At the oral argument, defendants’ counsel conceded that such notice was not given and that no hearing was held, but contended that plaintiffs had deprived themselves of the right to notice by repudiating, or refusing to recognize, the authority of that central executive committee which, defendants claim, was the lawfully constituted committee. The record does not require a discussion of this argument. Defendants concede that plaintiffs were lawfully elected for the term stated and that they had been in possession performing the duties of the Parish Council up to the time of the alleged removal. The burden of proof that they were lawfully removed was, therefore, on the defendants: McDowell v. Wilson, 252 Pa. 91, 94, 97 A. 100. The learned chancellor said “there is no evidence from which we can find . . . [that] . . . the alleged removal of plaintiffs was by a body authorized to remove.” Unless it appeared that this body was what it purported to be, — which depended on evidence, — the effect of refusing to recognize it and of disregarding its requests became immaterial. The chancellor also found that the action of the central executive committee, on which defendants’ rely, was a mere threat to remove on a contingency stated, and that, in fact, no removal by the committee was ordered; that the order of removal relied on was by the prelate of Armenians in America, not by the committee, and that the committee had no power to delegate its authority to the prelate.

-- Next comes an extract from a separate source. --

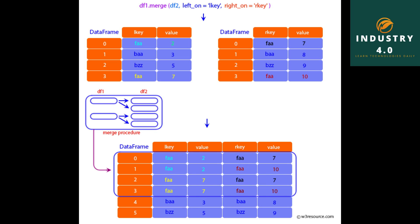Since the default merge method is to intersect the join keys, we can instead form the union of them with an outer join. pd.merge left1, right1, left_on equals key, right_index equals true, how equals outer. The output includes all rows with nan values where data is missing.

Having concluded that defendants had not shown that the central executive committee, under whose authority they claimed the right to act, was the lawfully constituted central executive committee, and having concluded, on evidence, that, in any event, the plaintiffs had not been removed in accordance with the church constitution, the decree was inevitable. Nothing need be added to what was said in the learned chancellor’s adjudication and in the opinion of the court in banc disposing of the exceptions filed by defendants.

Decree affirmed at the costs of appellants.